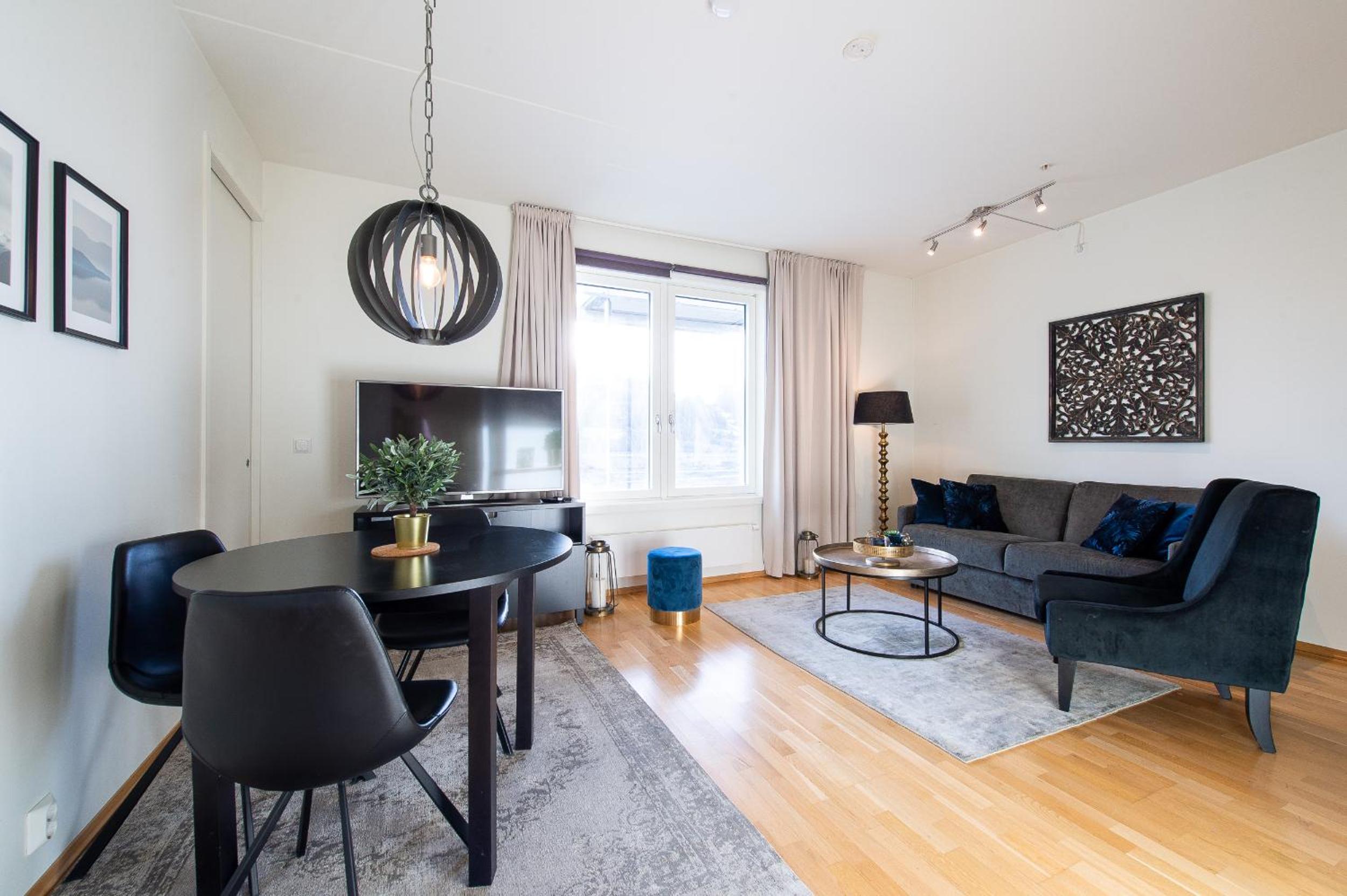 One-Bedroom Apartment photo 1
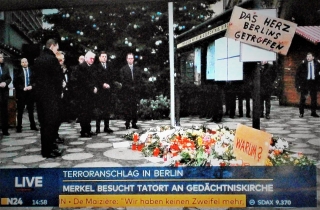 ▲犯行の現場を訪れ、犠牲者に追悼するドイツ政府首脳たち(2016年12月20日、ドイツ民間放送N24の中継放送から)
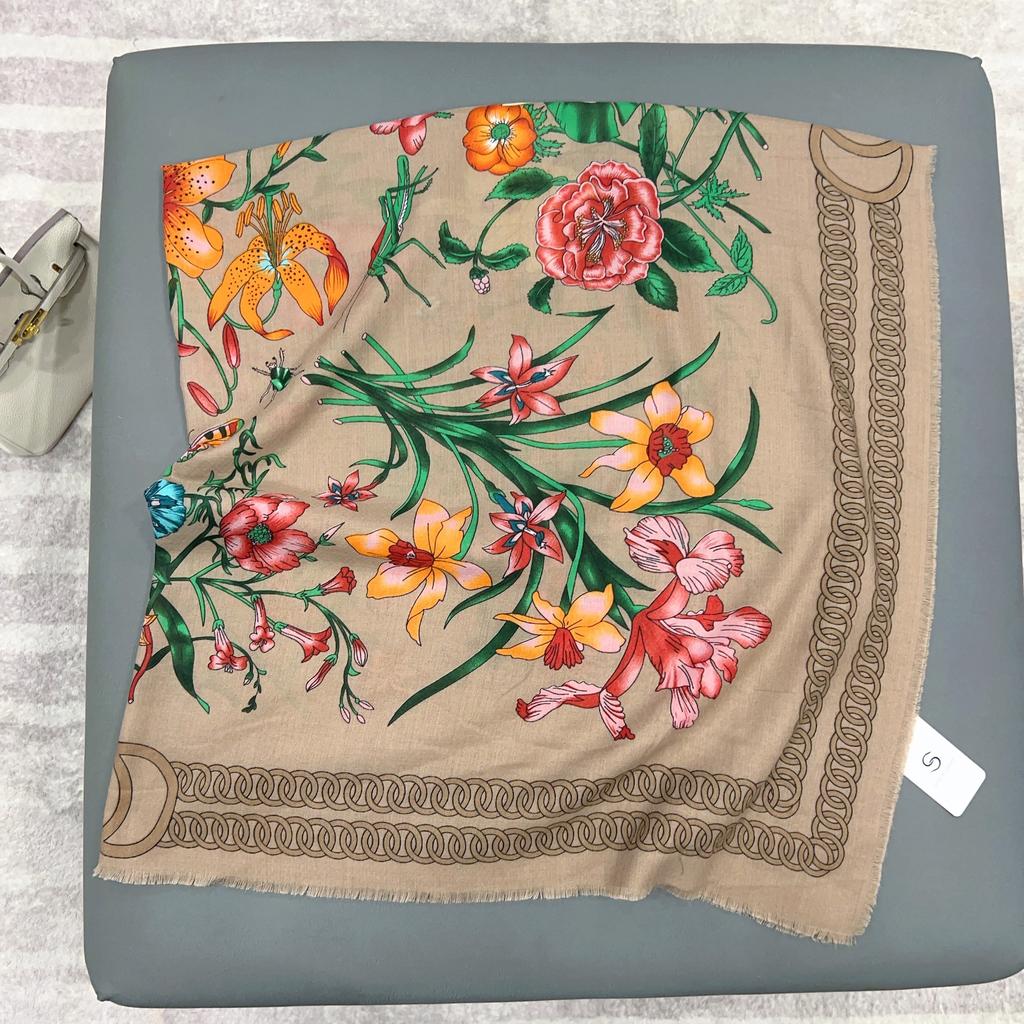 2025 spring and summer new beard removal large square scarf fashion printing decoration warm shawl travel photo show temperament scarf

·····

EXERCISE PROMPT » Copy the listing exactly but drop its images.

SOLUTION »
 One-Bedroom Apartment photo 1
 ▲犯行の現場を訪れ、犠牲者に追悼するドイツ政府首脳たち(2016年12月20日、ドイツ民間放送N24の中継放送から)
 2025 spring and summer new beard removal large square scarf fashion printing decoration warm shawl travel photo show temperament scarf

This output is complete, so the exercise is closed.